* [TASK]: Only the lines from the first line of the entries through the line with "Men's Board Shorts" belong in the answer, each restated word for word and without pictures.

-- Opening Marker --

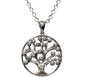 Silver Tree of Life Amulet with CZ Stones Chain 18 inch  Pendant 7/8W x 1 1/8 inch H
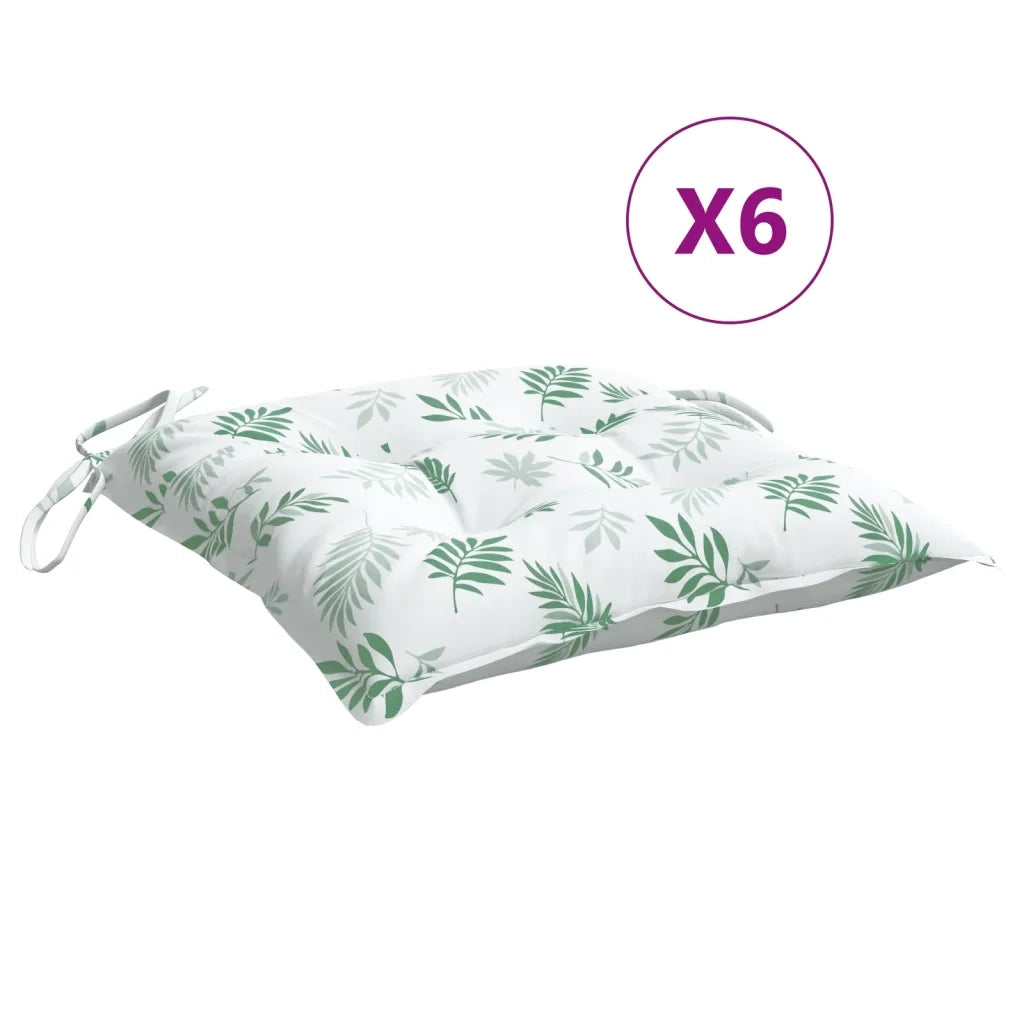 vidaXL Cuscini per Sedia 6 pz Motivo a Foglie 40x40x7 cm in Tessuto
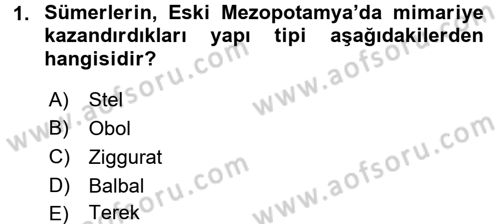 Eski Mezopotamya ve Mısır Tarihi Dersi 2016 - 2017 Yılı (Final) Dönem Sonu Sınav Soruları 1. Soru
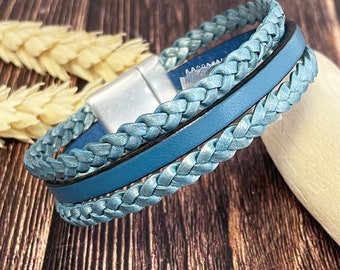 Turquoise braided leather bracelet "Magnolia"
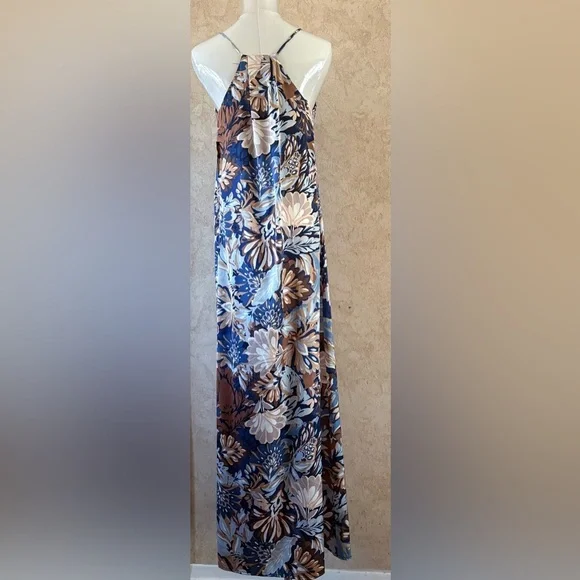 Tahari Arthur Levine Navy/Tan Floral Maxi Dress - Picture 5 of 9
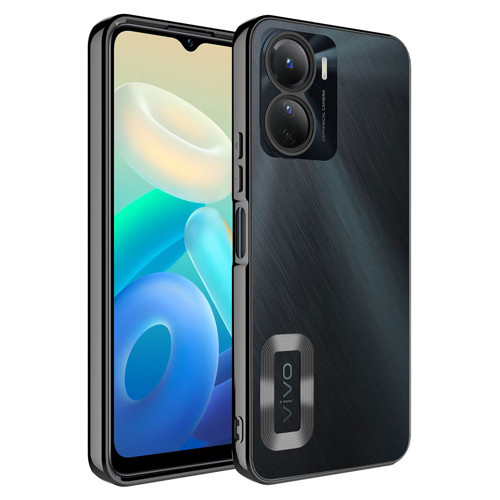 Vivo Y16 Kılıf Kamera Korumalı Logo Gösteren MKST Omega Kapak - Siyah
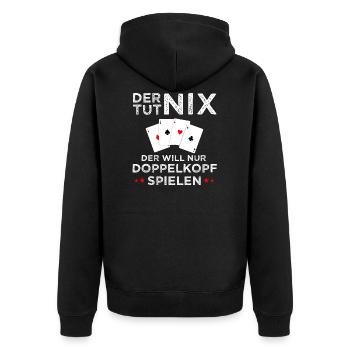 Doppelkopf Kartenspiel Schnapsen Geschenk - Unisex Premium Bio Zip Hoodie - Schwarz - Hinten - Nico (187cm)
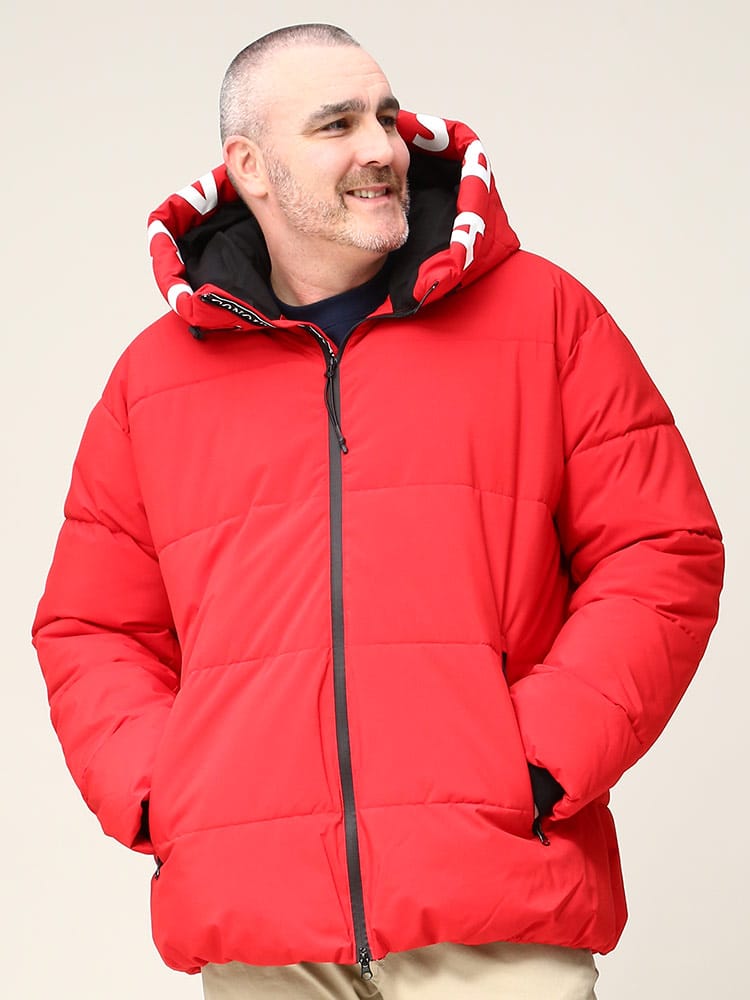 大きいサイズ メンズ B＆T CLUB (ビーアンドティークラブ) 撥水 フードプリント フルジップ 中綿 ジャケット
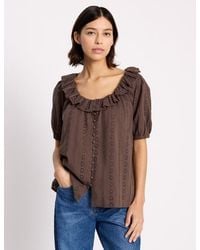 Albaray - Ruffle Neck Button-Front Blouse - Lyst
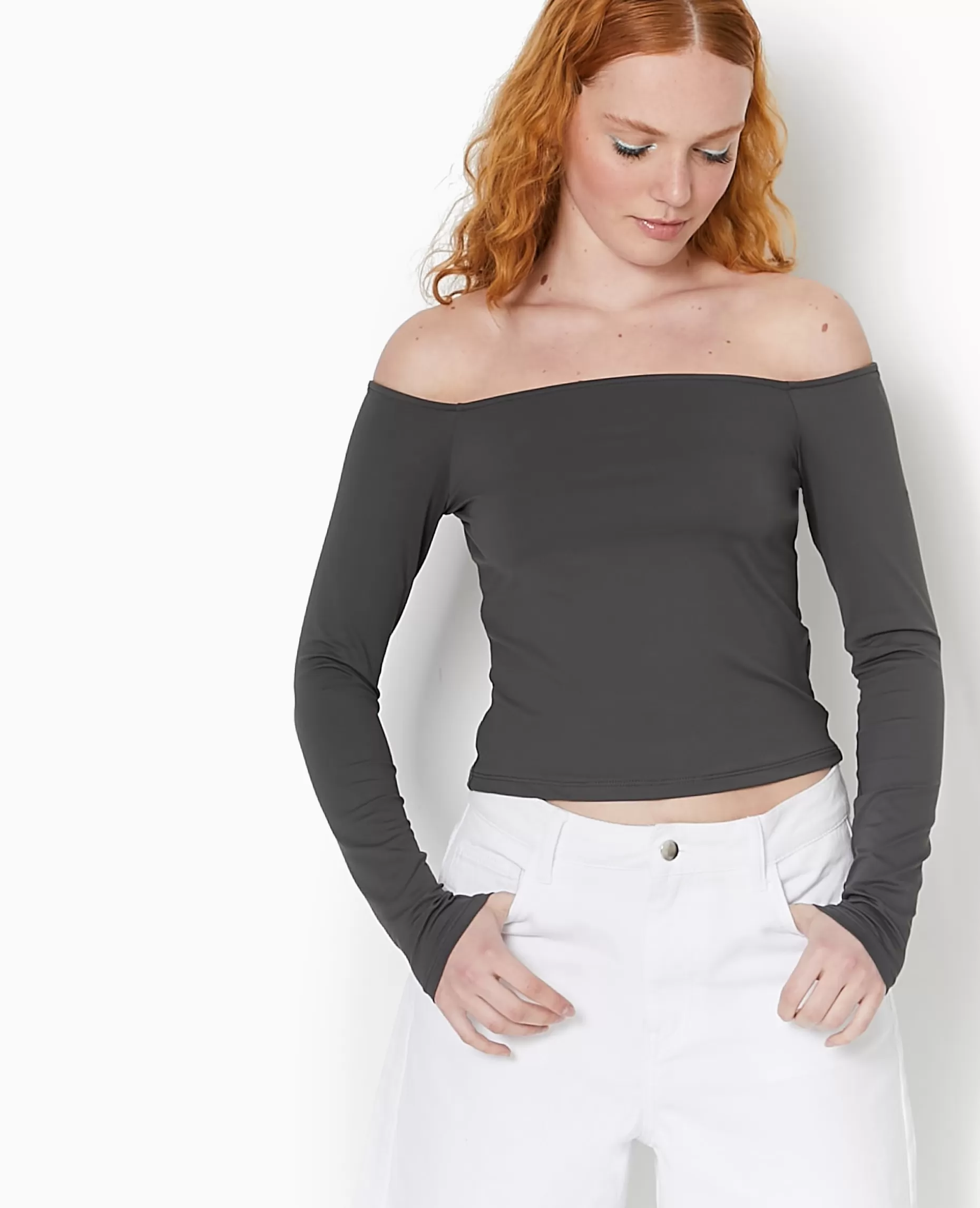 Flash Sale Pimkie Top Manches Longues Encolure Bardot - gris foncé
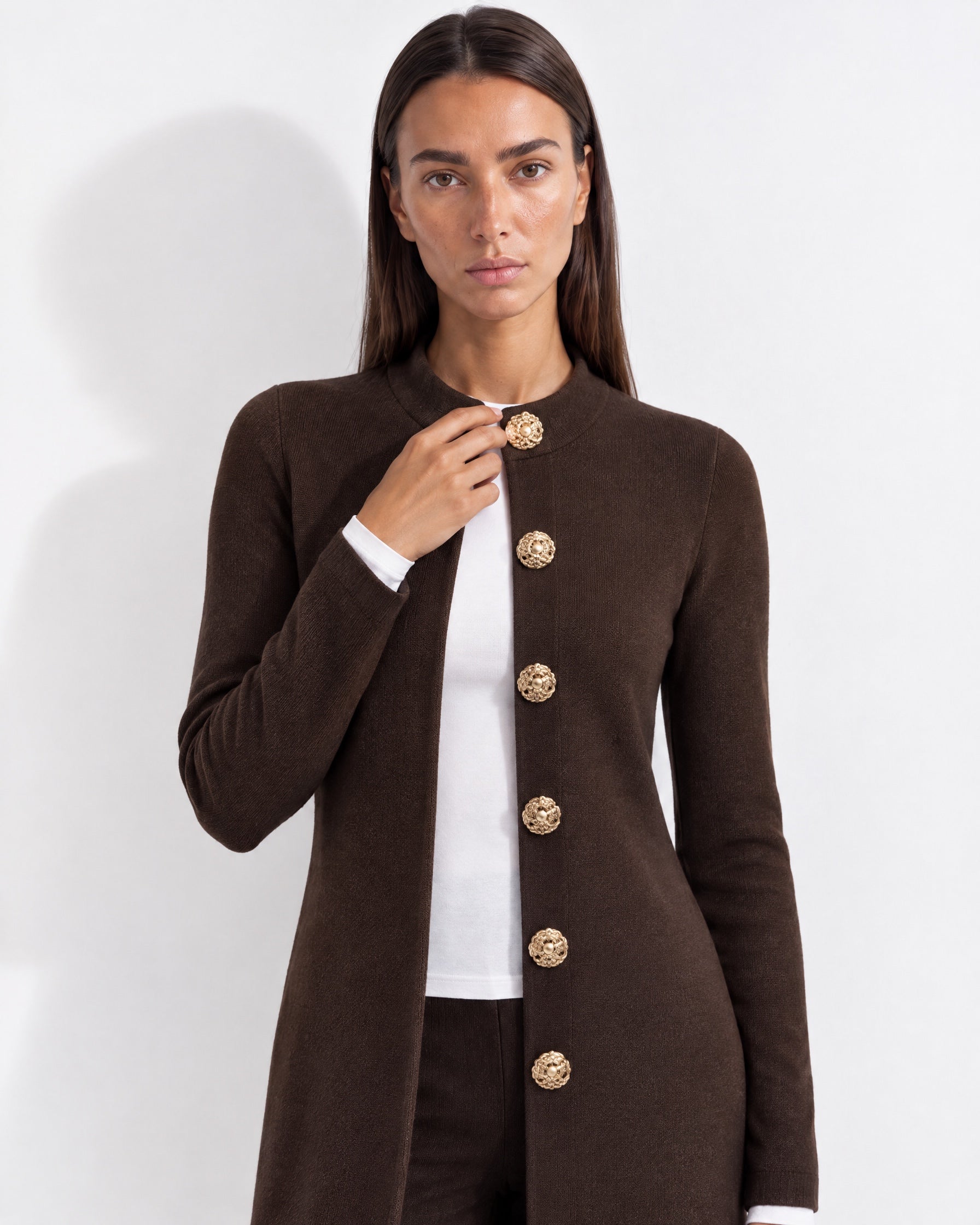 Brown Long Cardigan Womens Maxi Knitted Coatigan with Gold Buttons and Soft Knit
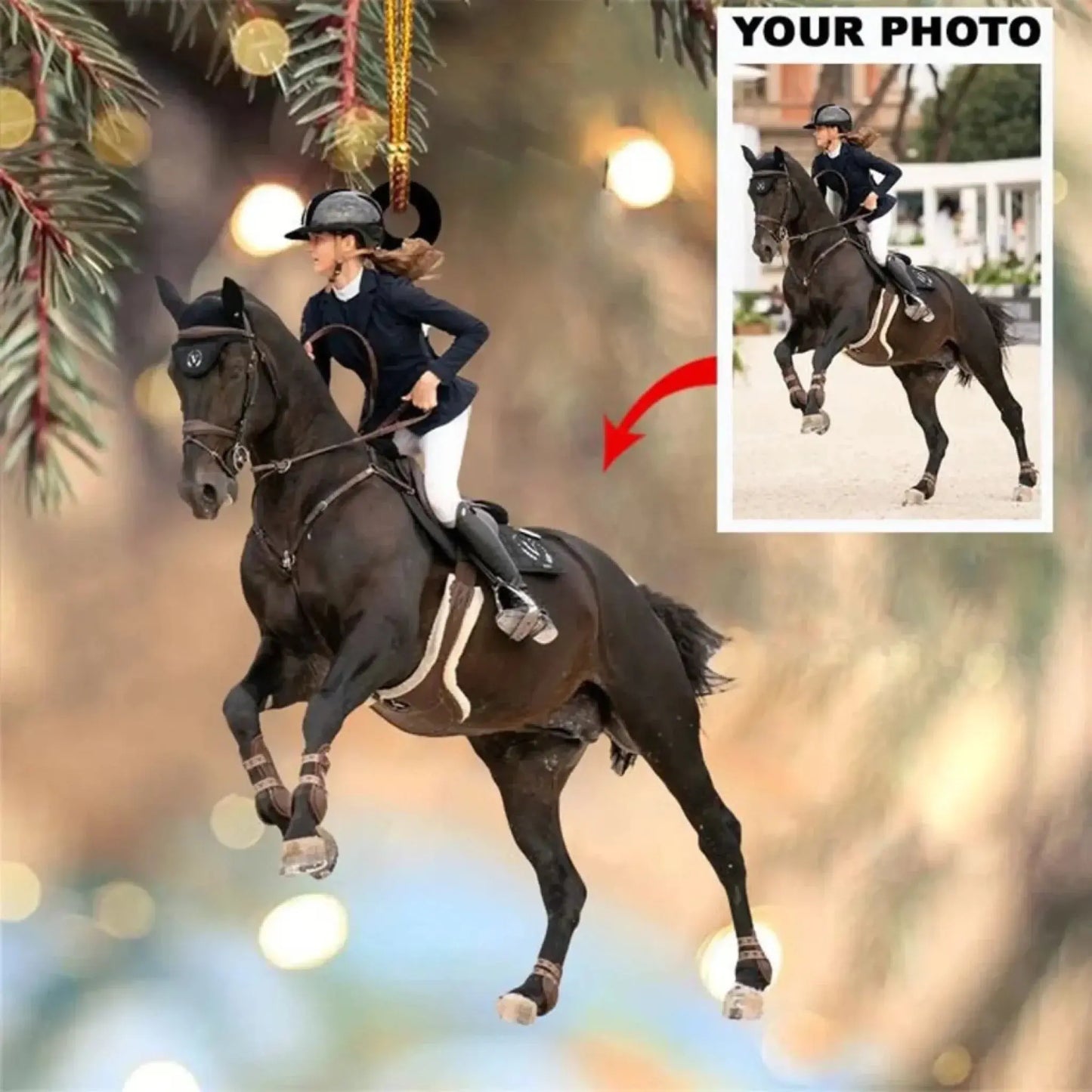 Custom Horse Photo Ornament, Personalized Equestrian Gift for Horse Lovers, Country Girl, Picture Acrylic Christmas Ornament | Horse Riding, Riders Ezcustomize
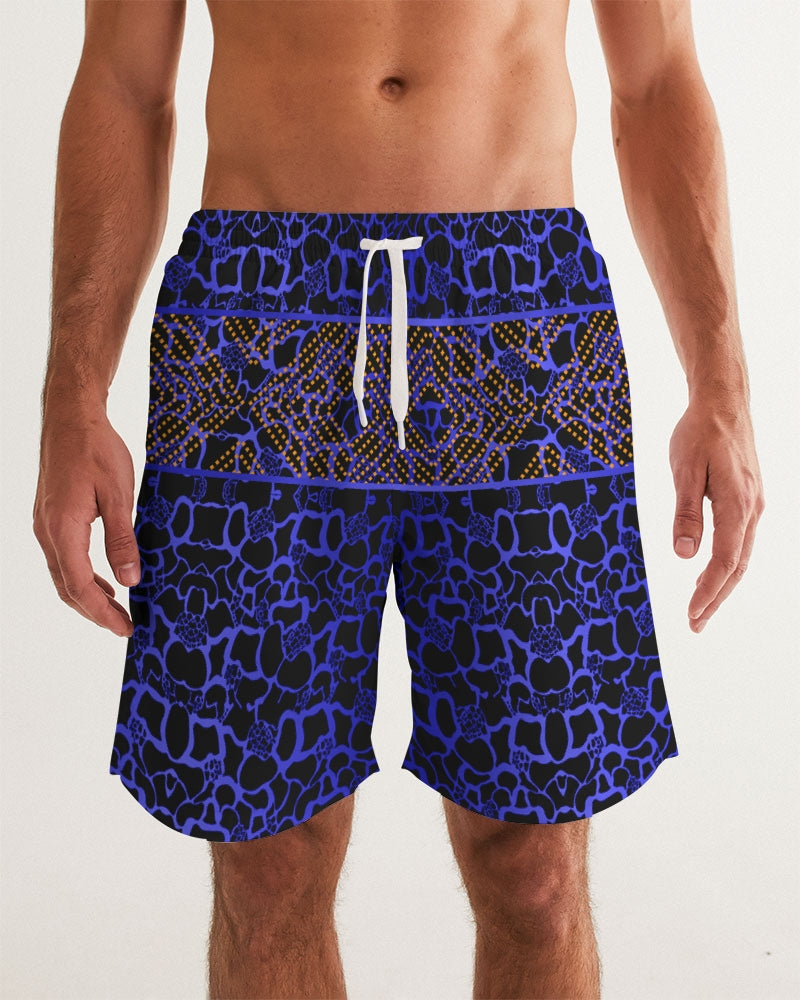 Men's Board Shorts -Deep Blue Wave-Pat Sutton Designs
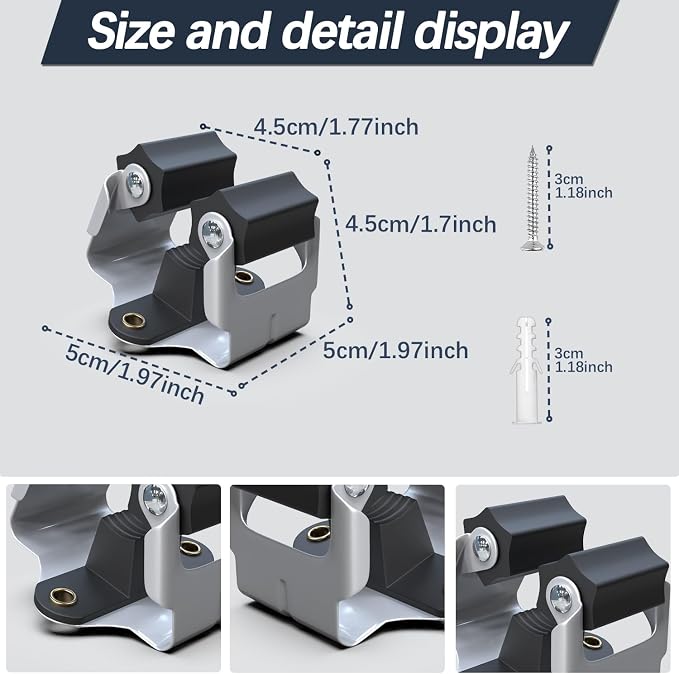 3-H 10 Pack Mop and Broom Holder Big Size Hanging 1 KG Extra, Broom Holder Wall - Image 3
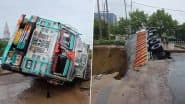 Gurugram Heavy Rain: गुरुग्राम में भारी बारिश से हादसा, सड़क धंसने से माल से भरा ट्रक पलटा; देखें VIDEO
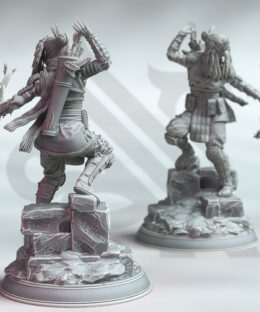 A woman wielding a bow while reaching for an arrow on her back, while standing on a rocky base.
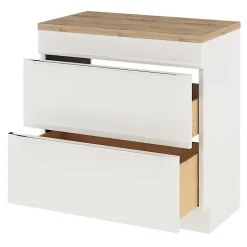 Meuble vasque à poser blanc brillant l.80 cm Imandra + plan de toilette chêne massif Hartland, GoodHome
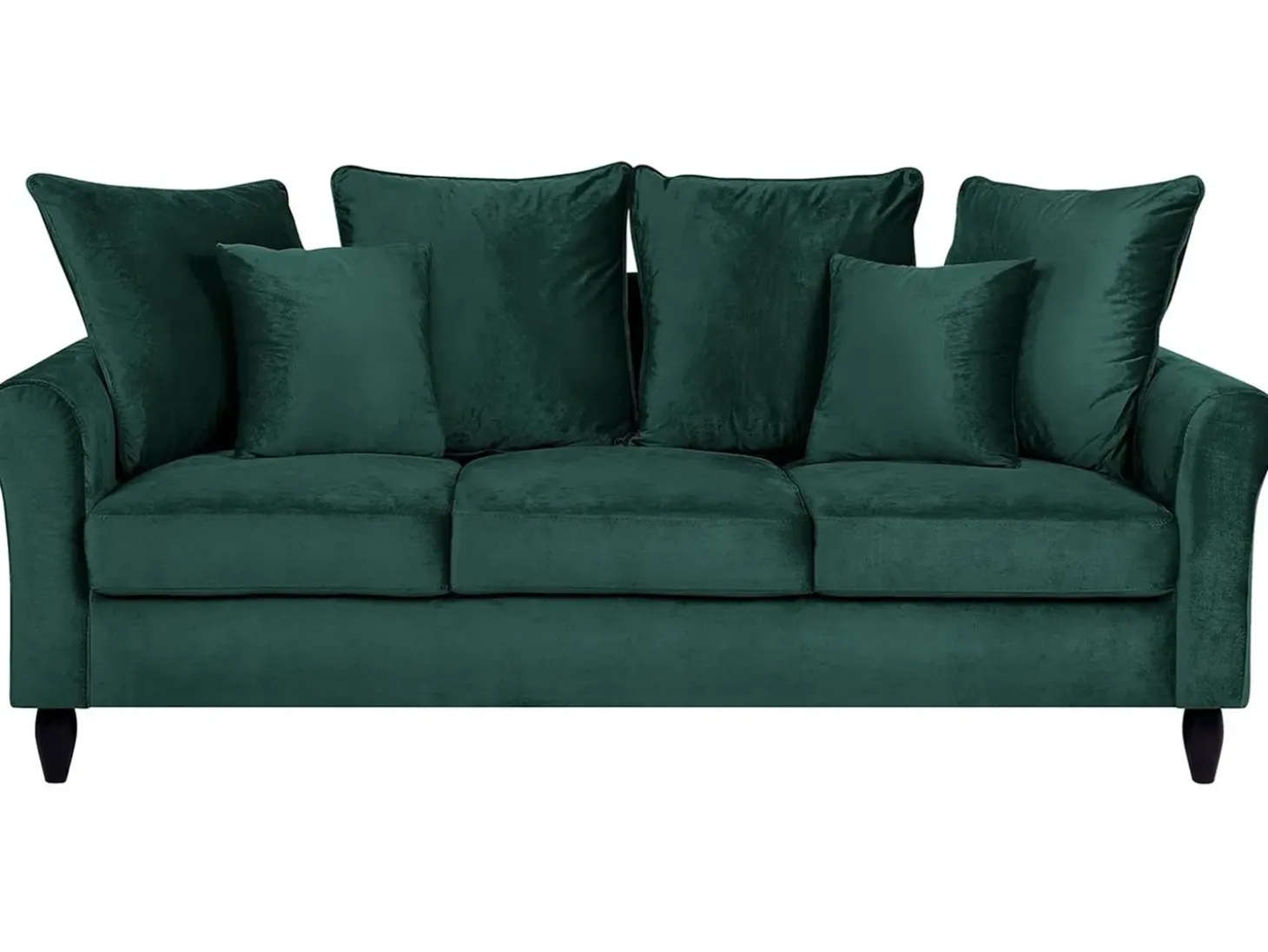 New Sofa dla 3 osób BORNHOLM Welur Ciemnozielony Sofy Tapicerowane|Wszystkie Sofy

-- Closing Marker --

* [TASK SOLUTION]:
 Silver Tree of Life Amulet with CZ Stones Chain 18 inch  Pendant 7/8W x 1 1/8 inch H
 vidaXL Cuscini per Sedia 6 pz Motivo a Foglie 40x40x7 cm in Tessuto
 Eski Mezopotamya ve Mısır Tarihi Dersi 2016 - 2017 Yılı (Final) Dönem Sonu Sınav Soruları 1. Soru
 Turquoise braided leather bracelet "Magnolia"
 Tahari Arthur Levine Navy/Tan Floral Maxi Dress - Picture 5 of 9
 Vivo Y16 Kılıf Kamera Korumalı Logo Gösteren MKST Omega Kapak - Siyah
 Doppelkopf Kartenspiel Schnapsen Geschenk - Unisex Premium Bio Zip Hoodie - Schwarz - Hinten - Nico (187cm)
 大きいサイズ メンズ B＆T CLUB (ビーアンドティークラブ) 撥水 フードプリント フルジップ 中綿 ジャケット
 Albaray - Ruffle Neck Button-Front Blouse - Lyst
 Flash Sale Pimkie Top Manches Longues Encolure Bardot - gris foncé
 Brown Long Cardigan Womens Maxi Knitted Coatigan with Gold Buttons and Soft Knit
 Custom Horse Photo Ornament, Personalized Equestrian Gift for Horse Lovers, Country Girl, Picture Acrylic Christmas Ornament | Horse Riding, Riders Ezcustomize
 Men's Board Shorts -Deep Blue Wave-Pat Sutton Designs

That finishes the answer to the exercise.